Pandas versus SQL Comparison : JOIN image

SQL (Structured Query Language) and Pandas (Python library built on top Numpy package) are widely used by data scientists, because these programming languages enable them to read, manipulate, write and retrieve data (most of the time stored in a database or data warehouses such as BigQuery or Amazon RedShift).

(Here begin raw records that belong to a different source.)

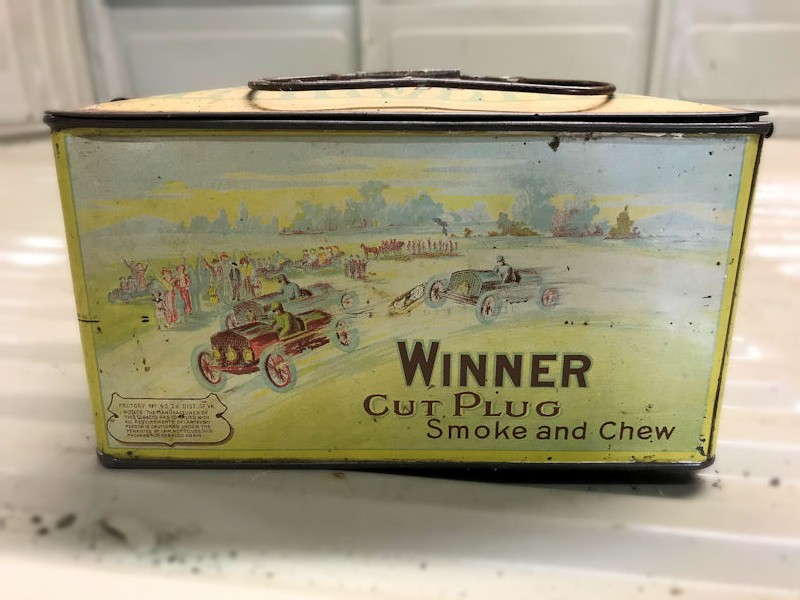 Original Winner Cigars tobacco tin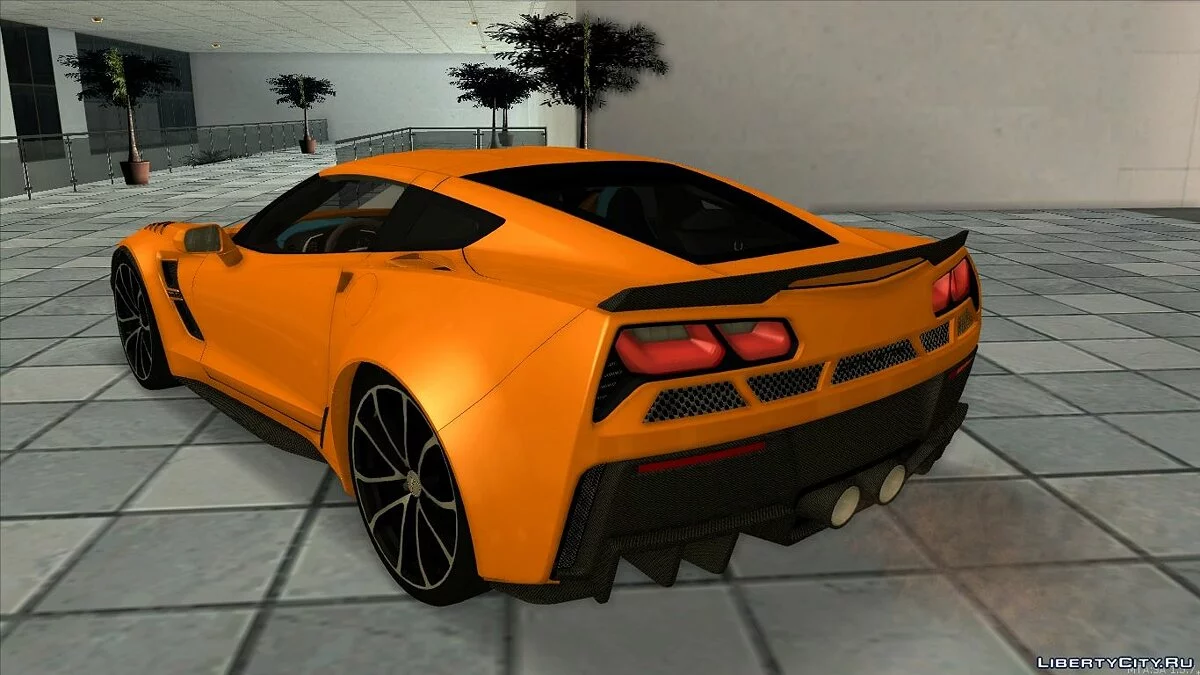 Chevrolet Corvette С7 / GTA San Andreas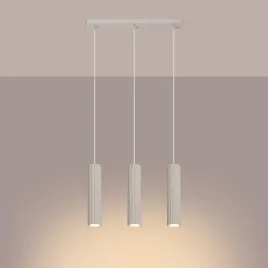 lampa-wiszaca-karbon-3xgu10-bezowa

Every data scientist is aware that her/his job will include data extraction and cleaning, therefore knowing SQL or Pandas is often required.


In this article, we will give you a simple comparison of those important tools for data scientists with a focus on the JOIN function (used to combine from two or more tables or dataframes).

Let's go over the different JOINs available in SQL:

  1. INNER JOIN: Returns records that have matching values in both tables

  2. LEFT JOIN: ​Returns all records from the left table, and the matched records from the right table

  3. RIGHT JOIN: Returns all records from the right table, and the matched records from the left table

  4. FULL JOIN: Returns all records when there is a match in either left or right table

Let's dive in and now learn how to join two tables or data frames using SQL and Pandas

1. INNER JOIN


SQL

SELECT * 
FROM table1
INNER JOIN table2
    ON table1.key = table2.key;

Pandas

import pandas as pd

#df1 and df2 are two pandas dataframes

pd.merge(df1, df2, on='key')

2. LEFT JOIN


SQL

SELECT * 
FROM table1
LEFT JOIN table2
    ON table1.key = table2.key;

Pandas


import pandas as pd

#df1 and df2 are two pandas dataframes

pd.merge(df1, df2, on='key',how='left')

3. RIGHT JOIN


SQL

SELECT * 
FROM table1
RIGHT JOIN table2
    ON table1.key = table2.key;

Pandas


import pandas as pd

#df1 and df2 are two pandas dataframes

pd.merge(df1, df2, on='key',how='right')

4. FULL JOIN


SQL

SELECT * 
FROM table1
FULL JOIN table2
    ON table1.key = table2.key;


Pandas


import pandas as pd

#df1 and df2 are two pandas dataframes

pd.merge(df1, df2, on='key',how='outer')

We hope that you will use those snippets to join some tables or data frames in your daily job!